━━ Task input

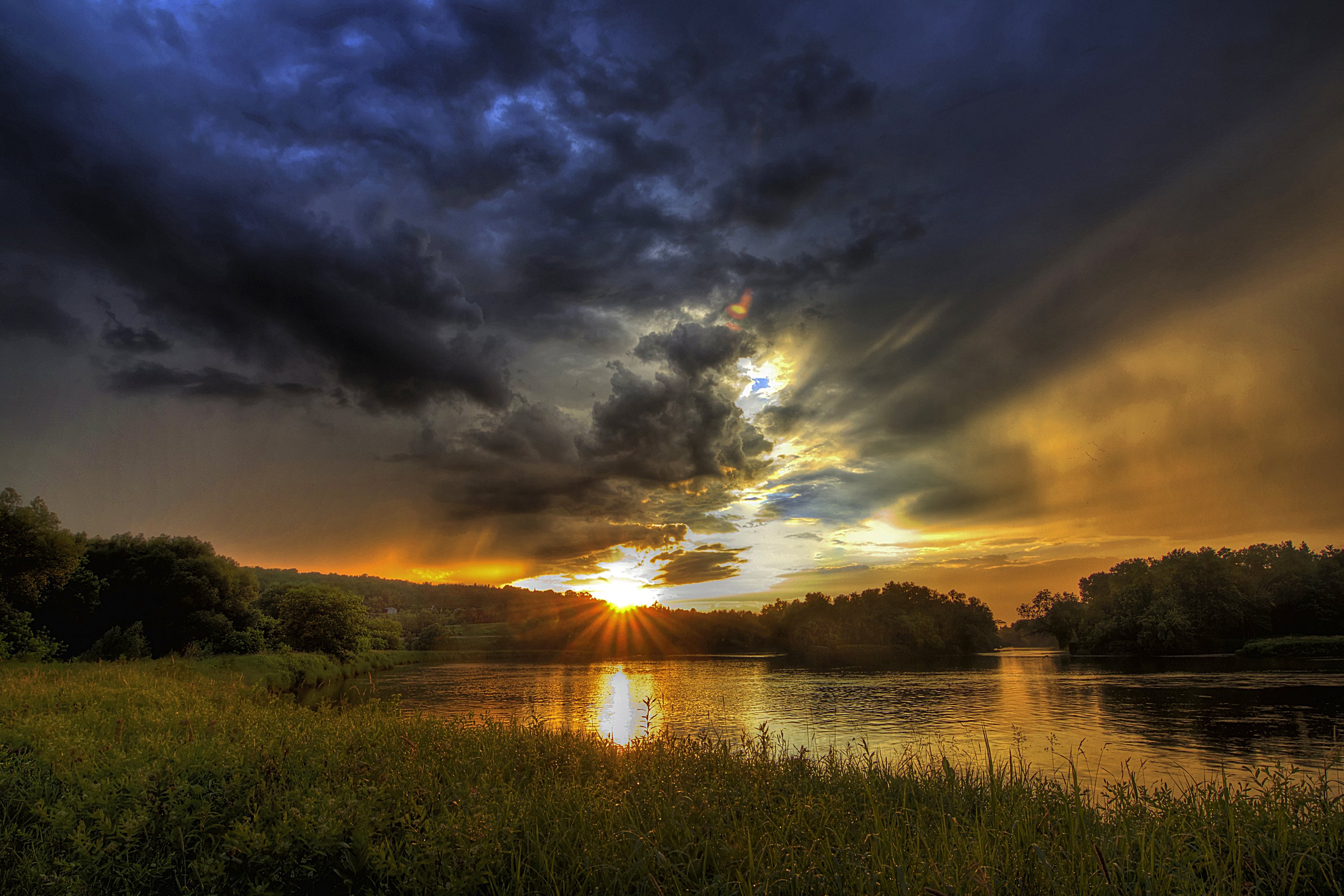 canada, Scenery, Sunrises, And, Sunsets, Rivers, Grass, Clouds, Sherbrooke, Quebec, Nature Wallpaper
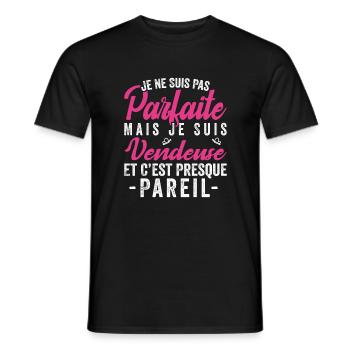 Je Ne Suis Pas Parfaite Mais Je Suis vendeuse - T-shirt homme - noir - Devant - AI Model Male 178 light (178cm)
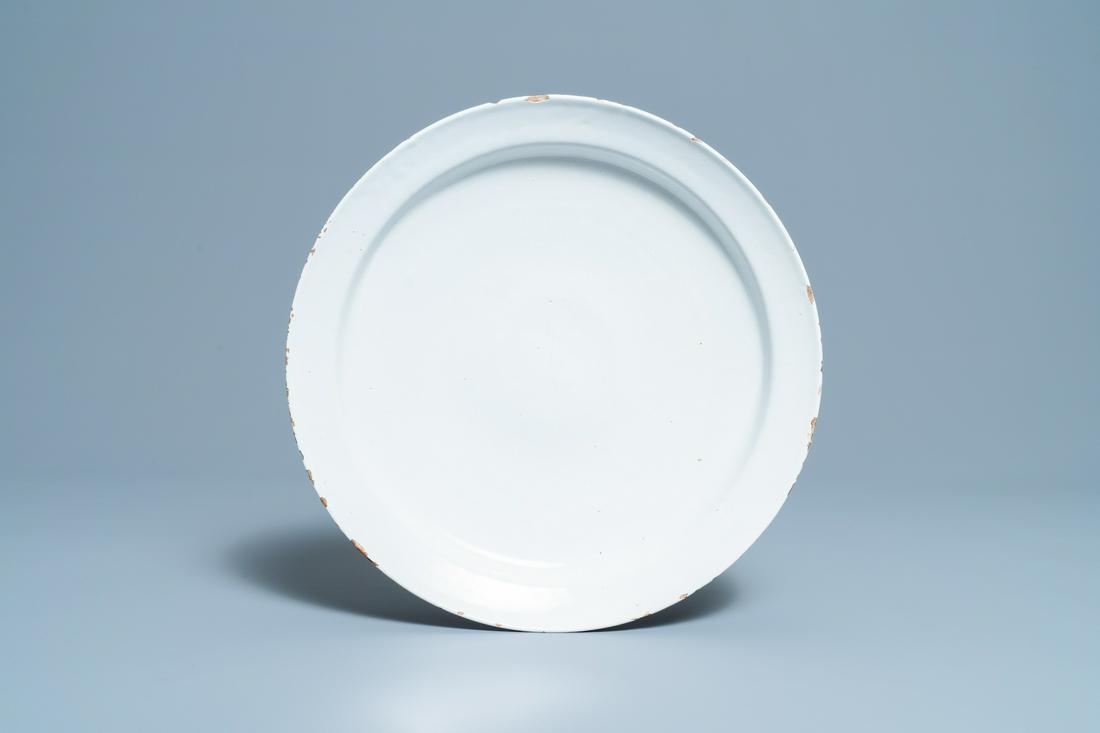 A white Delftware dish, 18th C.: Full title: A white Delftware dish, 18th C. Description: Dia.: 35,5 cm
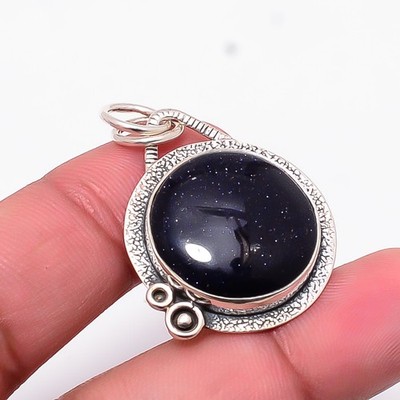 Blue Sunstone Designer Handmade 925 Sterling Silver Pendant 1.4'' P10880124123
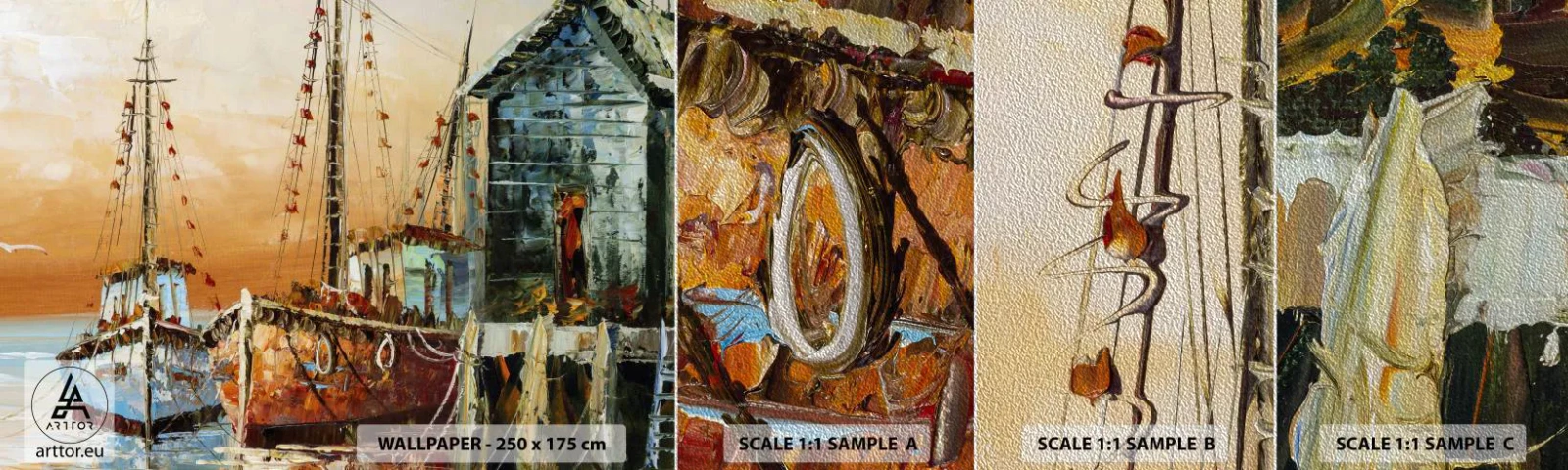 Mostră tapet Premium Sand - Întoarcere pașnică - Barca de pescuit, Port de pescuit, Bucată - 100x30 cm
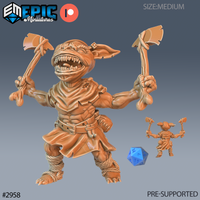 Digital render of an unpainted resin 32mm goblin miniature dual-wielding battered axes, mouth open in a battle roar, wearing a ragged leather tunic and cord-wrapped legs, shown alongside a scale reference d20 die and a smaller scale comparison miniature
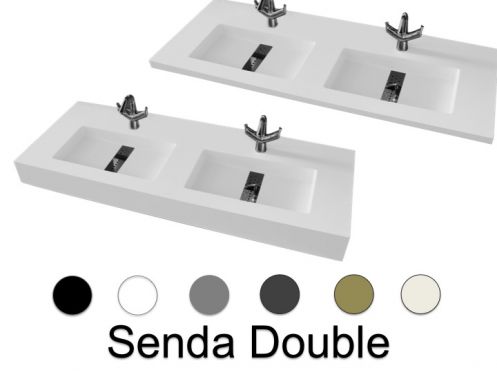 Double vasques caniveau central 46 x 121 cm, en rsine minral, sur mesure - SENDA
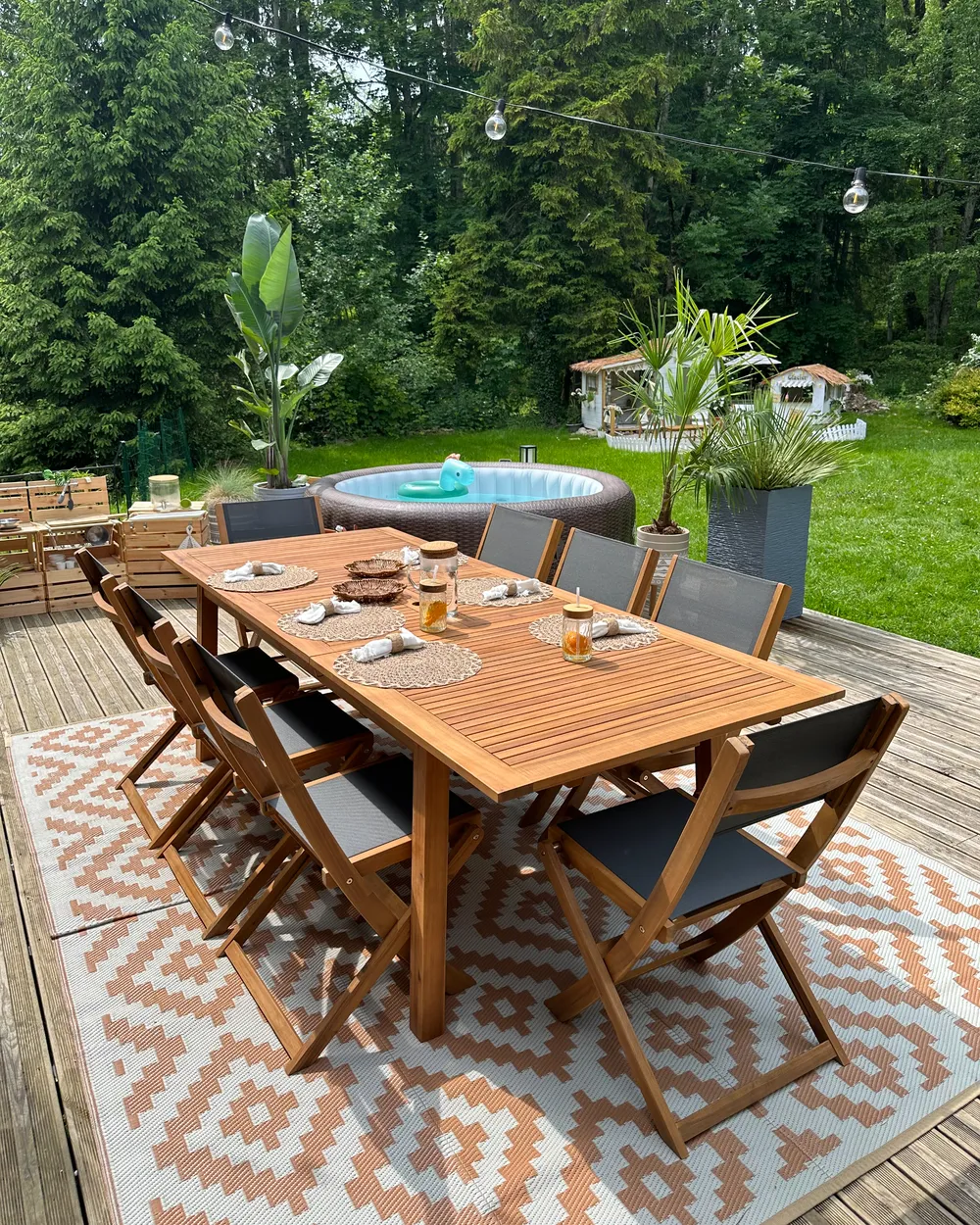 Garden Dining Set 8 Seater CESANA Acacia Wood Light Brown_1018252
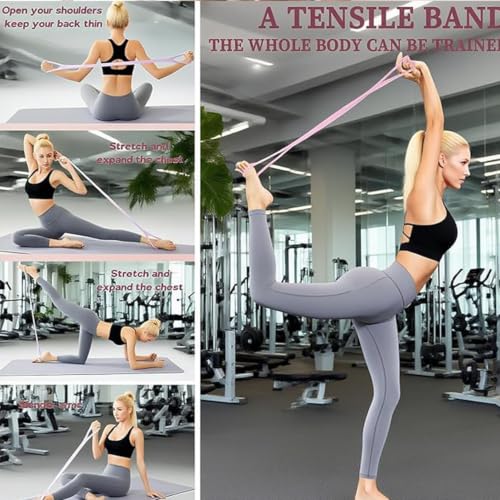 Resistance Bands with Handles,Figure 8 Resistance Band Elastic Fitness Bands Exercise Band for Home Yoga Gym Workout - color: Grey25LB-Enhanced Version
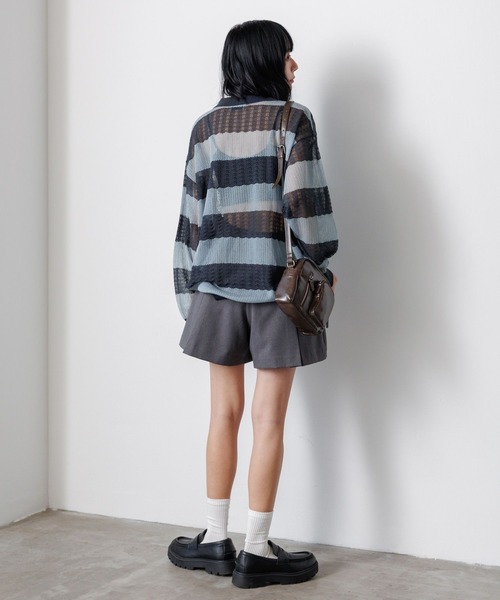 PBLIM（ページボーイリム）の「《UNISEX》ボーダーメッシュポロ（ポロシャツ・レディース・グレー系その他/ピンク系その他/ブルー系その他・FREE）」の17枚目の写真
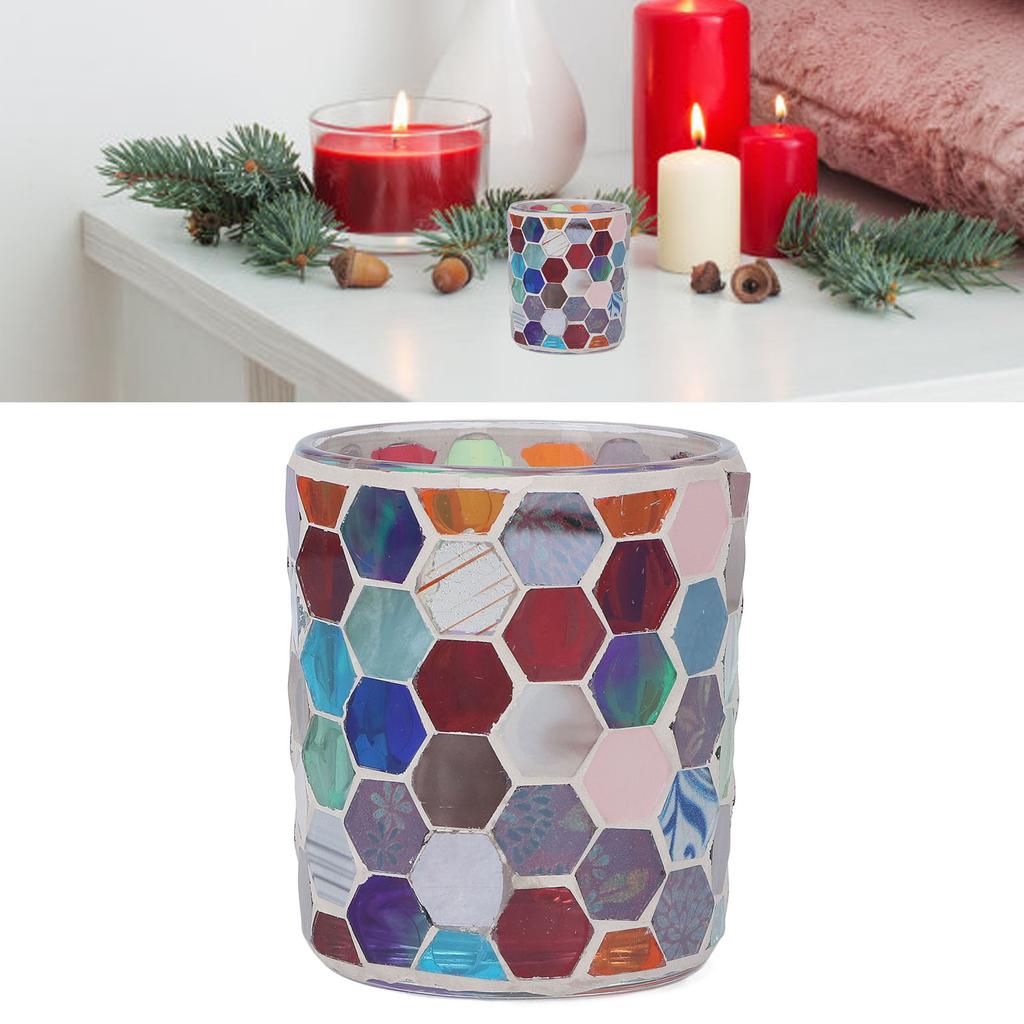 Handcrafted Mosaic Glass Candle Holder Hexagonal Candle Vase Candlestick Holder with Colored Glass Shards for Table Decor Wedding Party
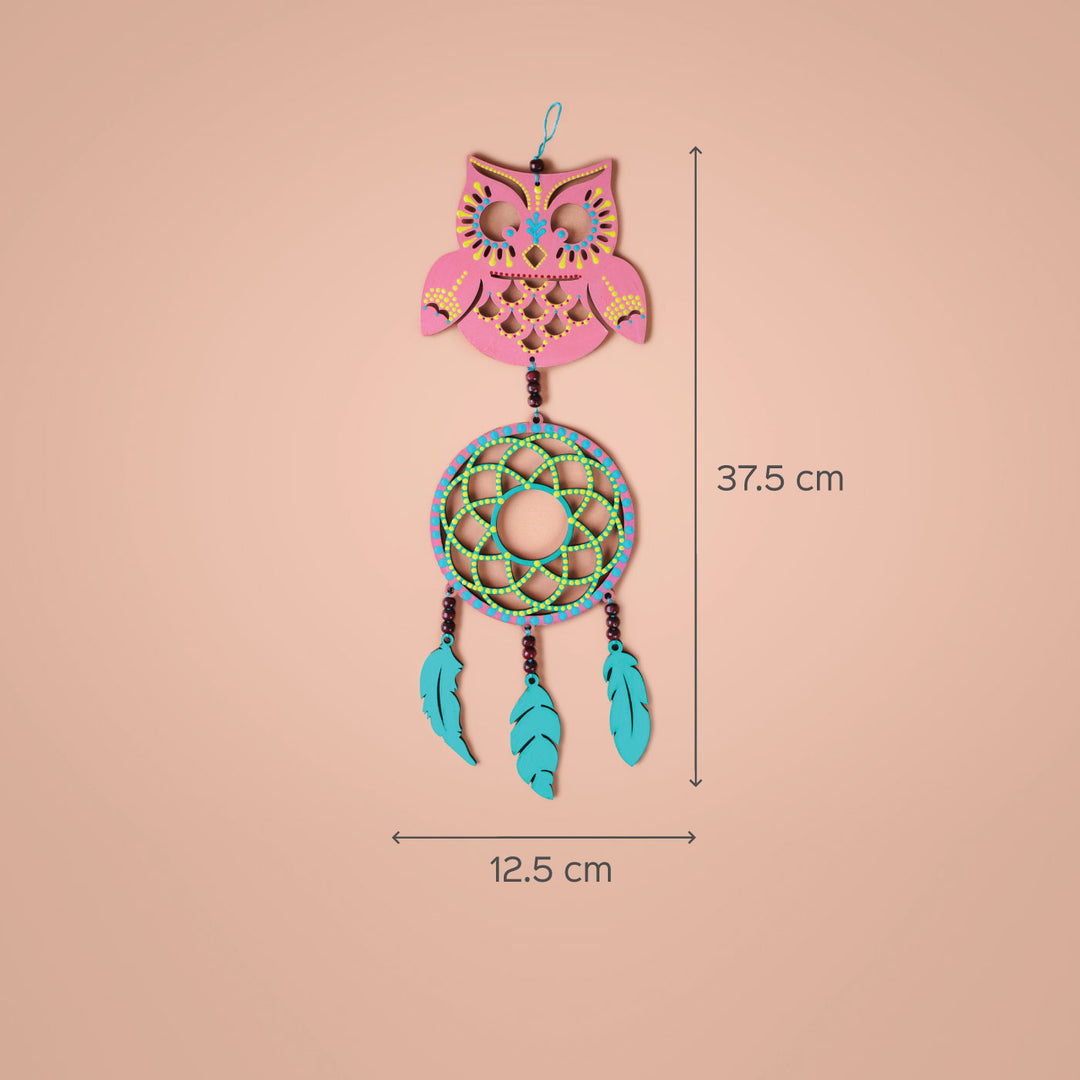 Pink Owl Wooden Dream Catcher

━━━━

**What to produce**. Drop the images and copy all the data exactly.

**Answer**.
 canada, Scenery, Sunrises, And, Sunsets, Rivers, Grass, Clouds, Sherbrooke, Quebec, Nature Wallpaper
 Je Ne Suis Pas Parfaite Mais Je Suis vendeuse - T-shirt homme - noir - Devant - AI Model Male 178 light (178cm)
 A white Delftware dish, 18th C.: Full title: A white Delftware dish, 18th C. Description: Dia.: 35,5 cm
 Blue Sunstone Designer Handmade 925 Sterling Silver Pendant 1.4'' P10880124123
 Mostră tapet Premium Sand - Întoarcere pașnică - Barca de pescuit, Port de pescuit, Bucată - 100x30 cm
 Digital render of an unpainted resin 32mm goblin miniature dual-wielding battered axes, mouth open in a battle roar, wearing a ragged leather tunic and cord-wrapped legs, shown alongside a scale reference d20 die and a smaller scale comparison miniature
 Double vasques caniveau central 46 x 121 cm, en rsine minral, sur mesure - SENDA
 Garden Dining Set 8 Seater CESANA Acacia Wood Light Brown_1018252
 Resistance Bands with Handles,Figure 8 Resistance Band Elastic Fitness Bands Exercise Band for Home Yoga Gym Workout - color: Grey25LB-Enhanced Version
 PBLIM（ページボーイリム）の「《UNISEX》ボーダーメッシュポロ（ポロシャツ・レディース・グレー系その他/ピンク系その他/ブルー系その他・FREE）」の17枚目の写真
 Handcrafted Mosaic Glass Candle Holder Hexagonal Candle Vase Candlestick Holder with Colored Glass Shards for Table Decor Wedding Party
 Pink Owl Wooden Dream Catcher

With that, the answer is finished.